An object of the present invention is to provide a method for controlling the temperature of a laser, so that the actual temperature of the laser in the working state can be kept within the working range of less than ±1°C, so as to improve the laser processing accuracy.

Another object of the present invention is to provide a method for controlling the temperature of the laser, which coordinates the cooling power of the water cooler with the working power of the laser, reduces the oscillation amplitude of the PID parameters, and keeps the temperature of the laser constant.

Another object of the present invention is to provide a device for controlling the temperature of the laser, which is used for coordinating the cooling power of the water cooler and the working power of the laser, avoiding the delay in controlling the temperature of the laser, and suitable for the implementation of precision laser processing.

Yet another object of the present invention is to provide a machining device for performing precise laser machining.
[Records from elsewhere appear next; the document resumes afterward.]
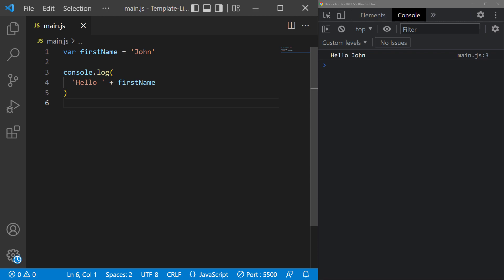A template literal is defined by wrapping a string with a pair of backticks. The backtick is the key above the tab on a standard US layout keyboard.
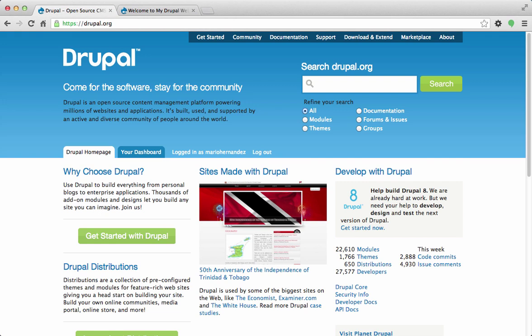Hi everybody, I'm Mario Hernandez and today we're going to be talking about how to download, install, and configure a starting or base theme on your Drupal website. The purpose of doing this is that a base theme gives you a nice starting point to design your own website. A base theme provides a lot of basic configuration already — things like cross-browser compatibility, HTML5 support, or SASS — so it's already been tested by the community.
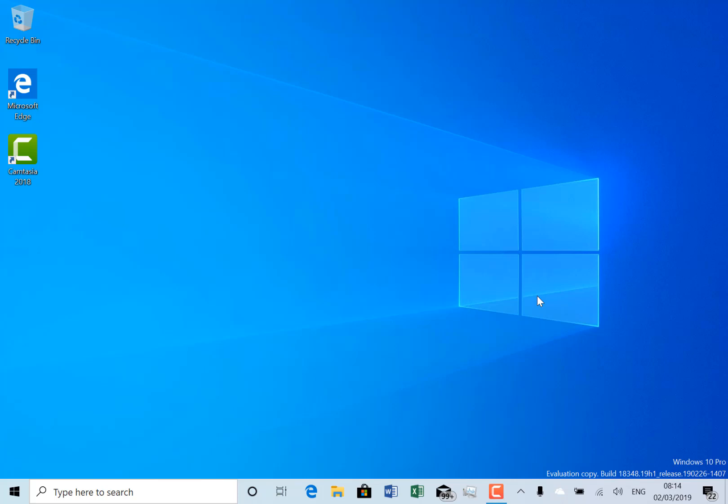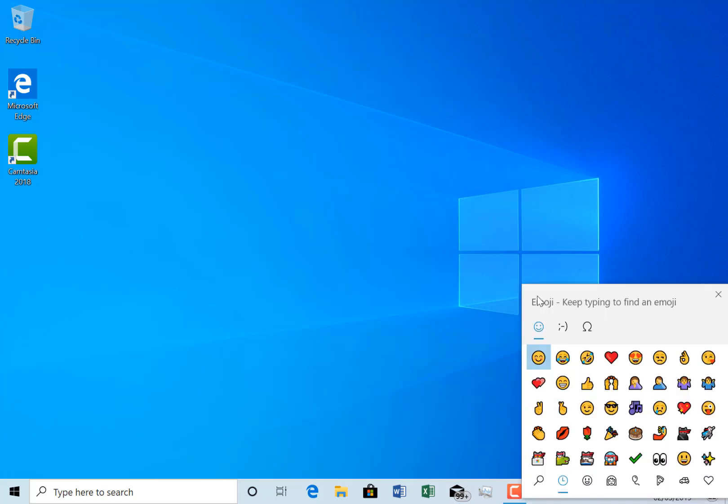There's not a lot to show you in this build because we're so close to the finalization of 19H1. The only thing I can show you is the Windows period key where we get the new Emoji 12 keyboard.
The method of the present invention monitors the heat load of the laser and dynamically adjusts the temperature of the refrigerant in real time based on the change of the heat load of the laser, thereby achieving the effect that the temperature of the laser can be kept constant under different heat loads. That is, according to the change of the thermal load of the laser, the target operating temperature of the refrigerant is adjusted in real time, and then the target operating temperature of the refrigerant is finely adjusted according to the temperature change of the laser itself through PID control in real time. At the same time, the working temperature is controlled by the PID algorithm to realize the approach and constant of the actual temperature of the refrigerant to the target working temperature.

The method of the present invention adopts the PID control of the constant temperature target temperature, and constitutes a dual PID control system with the cooling PID control of the refrigerator itself, which greatly reduces the system coupling, and the monitoring of the laser power can monitor both the laser power and the control command of the laser, and the effect is same.

A laser temperature control method, comprising:

The thermal load detection module and the temperature detection module respectively detect the real-time thermal load and real-time temperature of the laser, and when the output power of the laser changes, the cooling target temperature of the refrigerator is taken as the pre-programmed set temperature matching the current power of the laser;

The temperature detection module continuously detects the laser and obtains the temperature change curve, dynamically changes the refrigerant target operating temperature of the refrigerator according to the pre-programmed PID control parameters, and the refrigerator performs the actual temperature of the refrigerant based on the constantly refreshed refrigerant target operating temperature and the internal PID algorithm. adjust.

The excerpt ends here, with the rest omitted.